Quel que soit le cas de figure, cela n’amoindrit pas les termes du problème politique qu’elle pose, à savoir quelle appréciation doit-on  porter sur la période politique qui s’ouvre au Togo, après la tenue des élections législatives du 20 décembre 2018 ? Un scrutin qui, malgré les assertions de la CENI (Commission électorale nationale indépendante) et les résultats publiés par la Cour Constitutionnelle du Togo dans la décision EL-003-18 du 31 décembre 2018, a enregistré un taux d’abstention record sur l’ensemble du territoire du Togo.Dans son interrogation « Comment vivre l’après 20 décembre 2018 ? », Mme Maryse Quashie, interroge (sans esquisser un axe de réflexion) sur les  résultats d’étape, obtenus à l’issue de la lutte politique engagée par le peuple togolais depuis l’insurrection populaire du 19 août 2017 qui avait démarré à l’initiative du PNP (Parti National Panafricain) et de son leader Tikpi Atchadam. Elle pose également la question de la légitimité réelle d’une Assemblée Nationale, qui représente globalement à peine 15% du corps électoral et 6,07% de la population totale du Togo. Du point de vue social et politique force est d’admettre la représentativité plus que restreinte des nouveaux députés, représentants de la nation. Cette situation n’augure rien de très positif quant au soutien populaire que pourrait  recueillir demain, plus qu’hier, la politique menée par le nouveau gouvernement de Faure Gnassingbé, qui tarde à venir depuis la démission du premier ministre Selom Klassou le 4 janvier.

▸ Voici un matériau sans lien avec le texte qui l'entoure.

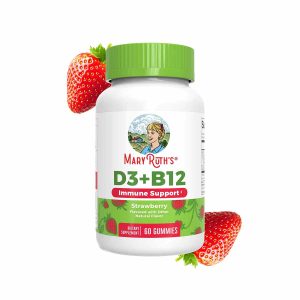 D3+B12, by MaryRuth's Organics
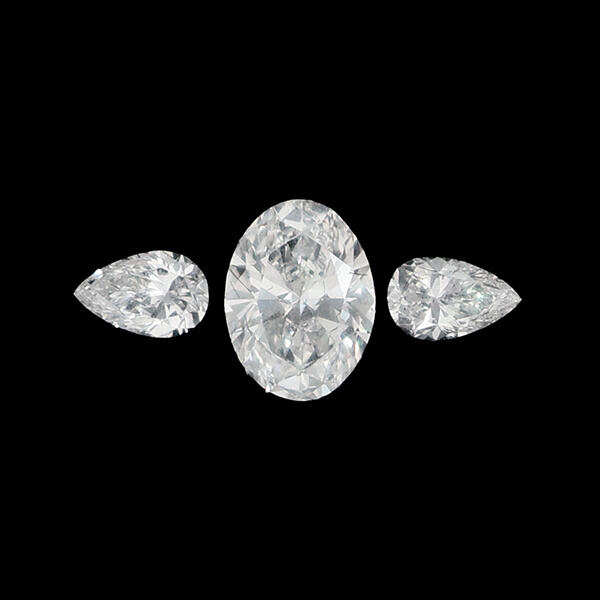 Experimente um brilho sem igual com diamantes premium criados em laboratório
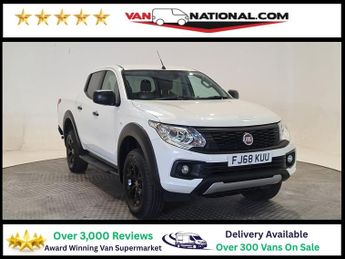 Fiat Fullback 2.4D CROSS D/CAB 180 BHP AUTO PICK UP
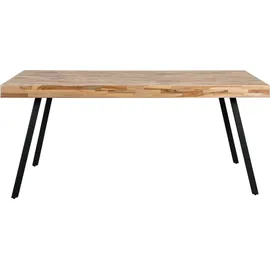 White Label SURI 200 x 90 cm Platte recycled Teak - Braun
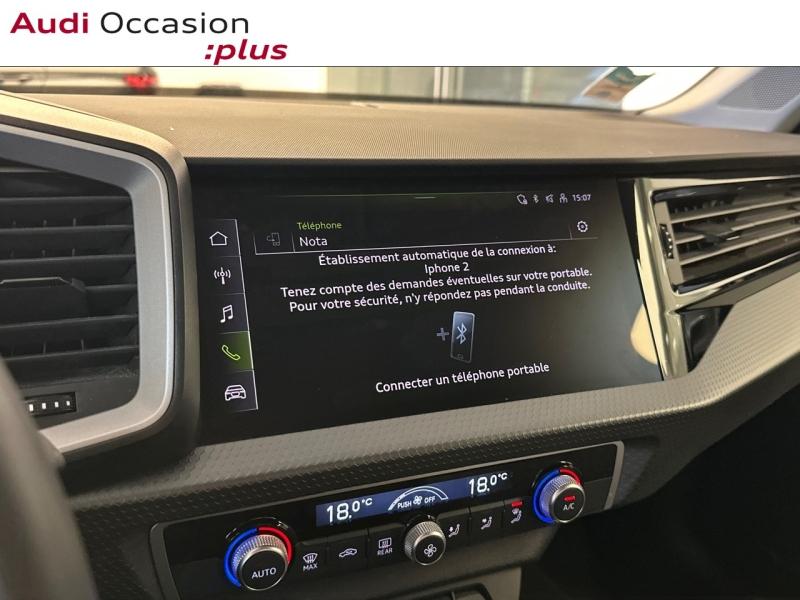 Voitures occasions Audi A1 Sportback Advanced 2 Vélizy-Villacoublay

« QUE FAIRE »…  OU… PAR OU COMMENCER ?

A la question, « Que vais-je faire maintenant ? », la réponse de Mme Maryse Quashie qui  suggère de commencer « par une analyse approfondie de la situation en termes de gains et de pertes », l’ébauche du résultat escompté : « saisir sur quels éléments on va bâtir la suite », ne semble pas apporter de réponse concluante sur l’enjeu essentiel du moment. À savoir, d’une part, penser la stratégie de lutte politique qu’il convient désormais d’adopter, pour les togolais qui ont nourri les rangs très fournis de la contestation populaire entre le 19 août 2017 et le 20 décembre 2018 ? D’autre part, définir quel nouveau contenu politique donner aux revendications populaires, pour dépasser le cadre des réformes politiques et institutionnelles et entrer de plain-pied dans celui de la transformation en profondeur de la société, comme garantie d’un véritable changement de système politique au Togo !

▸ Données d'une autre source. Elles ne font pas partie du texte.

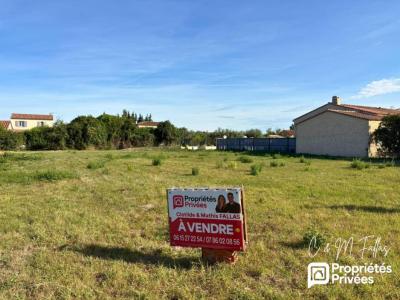 Vente Terrain TRAVAILLAN 84850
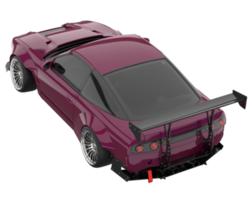 Realistic SUV isolated on transparent background. 3d rendering - illustration png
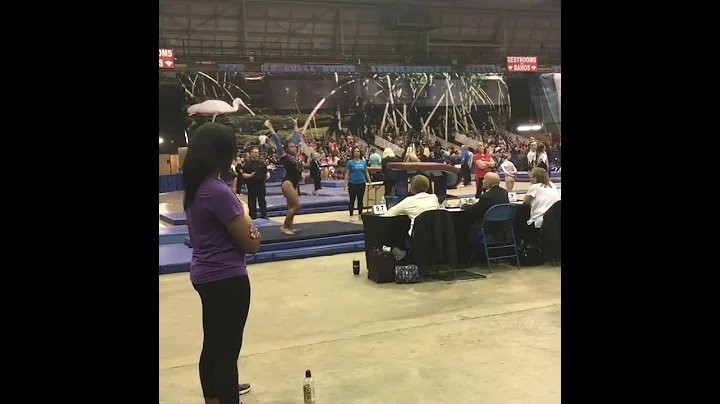 Janelle Lopez- Coast Elite Gymnastics- Class of 20...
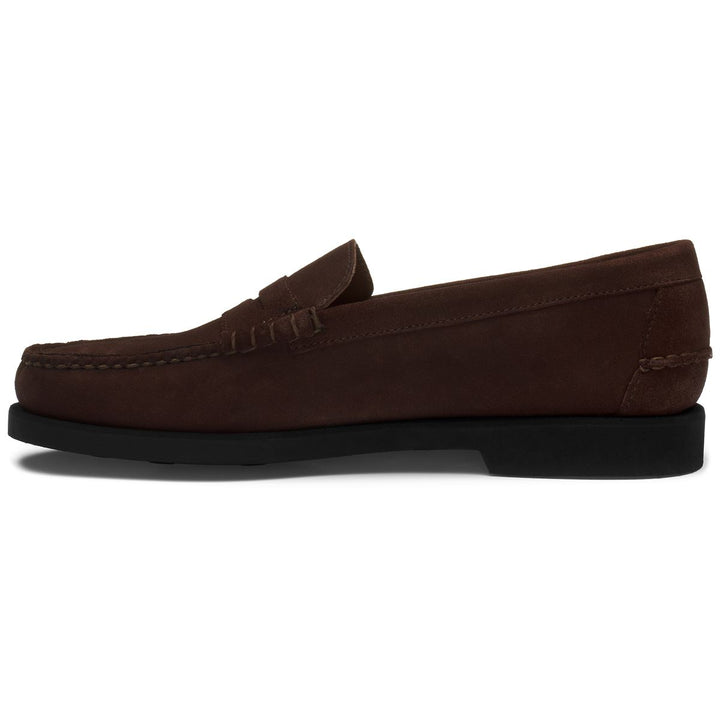 Dan Suede Po | Dark Brown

Dans cette quête légitime d’une nouvelle stratégie et d’un contenu politique Mme Maryse Quashie en appelle sans détour à une immixtion des intellectuels togolais dans le débat politique togolais : « Si, avant le 20 décembre 2018, il était temps que les intellectuels sortent de leur mutisme, plus leur parole n’est-elle pas urgente en ce moment ? » 

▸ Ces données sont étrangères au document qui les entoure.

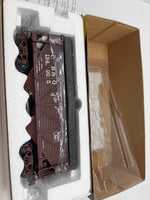 K-Line k6255-1331 CB&Q BURLINGTON ROUTE 2-BAY DIE-CAST COAL HOPPER O SCALE NEW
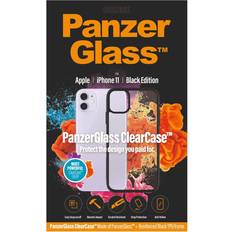 PanzerGlass Mobile Phone Accessories PanzerGlass Black Edition ClearCase for iPhone 11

Elle donne par ailleurs des précisions quant à sa  vision personnelle de ce que devrait être l’intervention des intellectuels togolais : « Nous avons en effet besoin d’une étude prospective, qui analyse non seulement le jeu des acteurs politiques, comme le gouvernement et les partis, mais aussi le vécu des populations togolaises par rapport à ce jeu ; il y a nécessité de réflexions qui mettent en perspective le poids de l’histoire même de ce petit pays avec une forte armée et le sens des échéances électorales de ces dernières années ; il faut comprendre non seulement le sens de l’implication de la CEDEAO, et de pays comme la France mais aussi l’importance des intérêts financiers et l’impact de l’argent ; il nous faut articuler la volonté de rester longtemps au pouvoir de certains dirigeants dans les pays de l’Afrique de l’ouest avec le poids géopolitique du Togo, etc. …Il est évident qu’il faut toute une communauté de penseurs pour produire une telle analyse… Appel aux intellectuels : sortez, nous avons besoin d’éclaireurs !»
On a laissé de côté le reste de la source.